Du côté de Donald Trump, on sait qu’il a déjà versé dans le protectionnisme durant son mandat et qu’il n’a eu aucune difficulté à remettre en cause la relation des États-Unis avec ses plus proches partenaires commerciaux. Face à une montée des troubles sociaux aux États-Unis, en plus des impacts d’une pandémie qui est pour le moment hors de contrôle dans le pays, rien ne laisse présager qu’il va changer d’attitude sur la politique économique américaine. Bien au contraire, le bras de fer qu’il a entrepris avec la Chine avant la pandémie s’est poursuivi, ce qui va nuire à toute concertation entre les deux premières économies mondiales pour la reprise.
Joe Biden de son côté va probablement aussi verser dans le protectionnisme afin de relancer l’économie américaine. En se basant sur ses années sous la présidence de Barack Obama, on peut présumer qu’il va respecter les accords économiques en cours et qu’il voudra rebâtir la relation avec les partenaires des États-Unis. Cependant, l’un des piliers de sa campagne électorale s’articule sur la transition énergétique et la croissance de l’économie verte. S’il réussit à mettre de l’avant cette promesse, on parle de plusieurs chantiers majeurs qui vont être lancés aux États-Unis dans la prochaine décennie. On voit mal comment Joe Biden pourrait « reconstruire » l’économie de son pays sans en faire profiter l’économie américaine en premier, notamment avec le Buy American Act dans le décor.
Si autant M. Trump que M. Biden vont favoriser un certain protectionnisme, quelle est la différence entre les deux? Joe Biden laisse entrevoir un protectionnisme beaucoup moins virulent et, surtout, prévisible. De plus, parce que M. Biden voudra reconstruire la relation des États-Unis avec ses partenaires, il y aura une ouverture réelle pour négocier de bonne foi avec son administration.
L’impact pour le Québec
Tout abord, un constat sans appel s’impose: les États-Unis sont le premier partenaire commercial du Québec (et du Canada). La prospérité économique de la province est donc directement liée à celle des États-Unis, tout comme la prospérité du Canada. Ce n’est pas pour rien que la renégociation de l’ALÉNA et les différents tarifs temporaires imposés par l’administration Trump ont fait couler autant d’encre au nord de la frontière. La perspective d’un protectionnisme américain est donc une menace sérieuse à la reprise économique du Québec.

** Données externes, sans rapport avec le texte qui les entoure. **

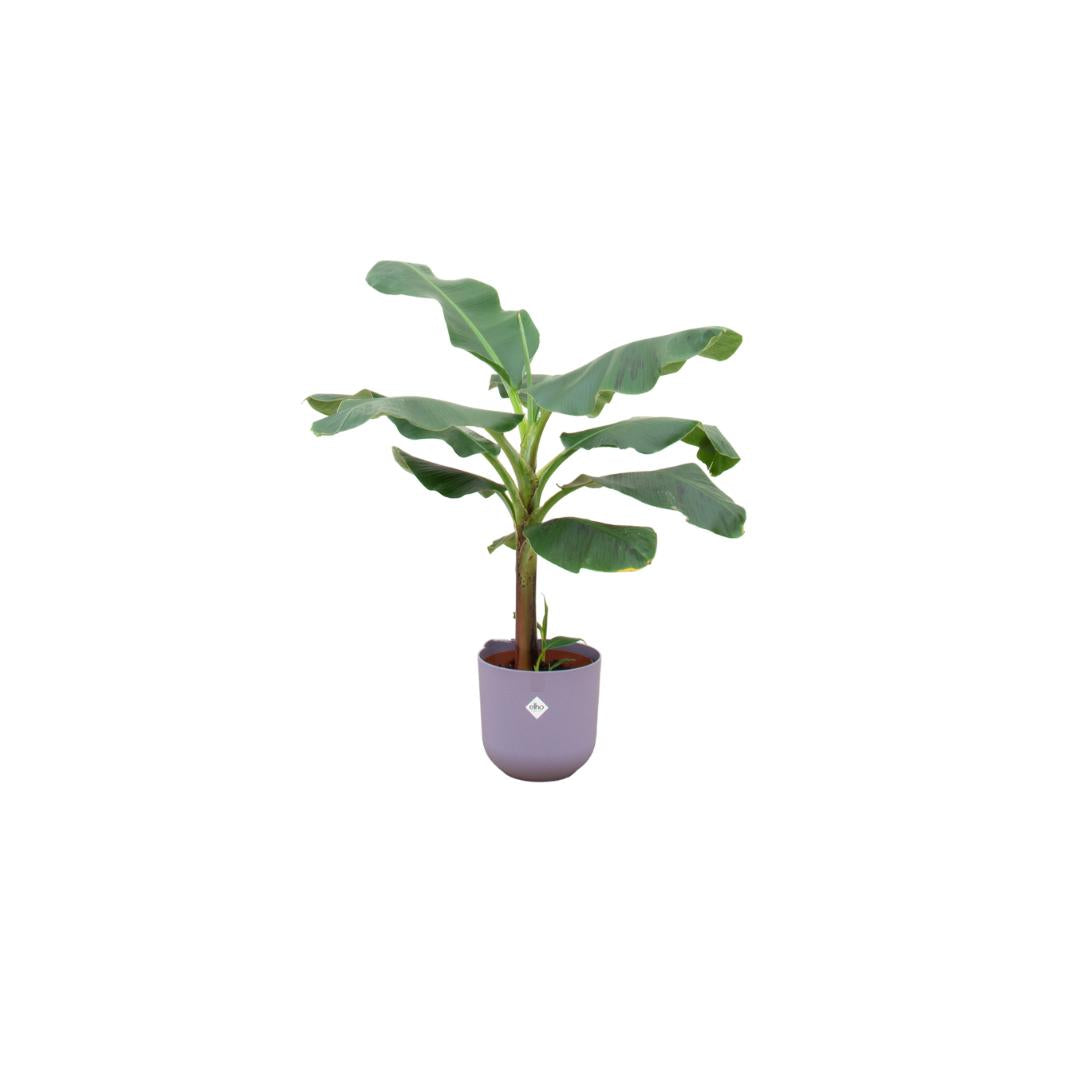 Combi deal - Bananenplant (Musa) inclusief elho Jazz Round geel Ø23 - 120 cm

En parallèle, les autres marchés du Québec vont probablement être aussi touchés par du protectionnisme pour les 3 à 5 prochaines années. Ce sera le cas en Europe, dont l’économie était déjà chancelante avant la pandémie et qui devra en plus digérer les impacts du Brexit. Du côté de l’Asie, il faudra voir l’impact du Partenariat TransPacifique, mais il ne s’agit pas d’un marché très important pour le Québec. De plus, les relations du Canada avec le Chine se détériorant en raison de l’affaire Huawei, cela aura aussi un impact pour la province. Il resterait donc le Mexique, mais ici aussi, la situation sera dépendante de ce qui va se passer avec les États-Unis, en raison de l’ACÉUM.
Que devrait faire le Québec?
Peu importe qui sera élu, le protectionnisme américain sera une menace. La stratégie à privilégier pour le Québec est donc la même dans les deux cas : entretenir le réseau de relations du Québec avec les grandes villes américaines et les États américains, pour s’assurer que dès qu’il y aura des ouvertures économiques, on puisse les exploiter. Évidemment, si Joe Biden est élu, il sera beaucoup plus facile de créer ces ouvertures économiques, à la condition d’être proactif.
En parallèle, une certaine coordination avec les autres provinces et le gouvernement fédéral pourrait permettre de favoriser l’économie locale dans un contexte où l’accès aux marchés mondiaux sera restreint. Il faudra cependant trouver le délicat équilibre entre soutenir son économie sans verser dans un protectionnisme nuisible.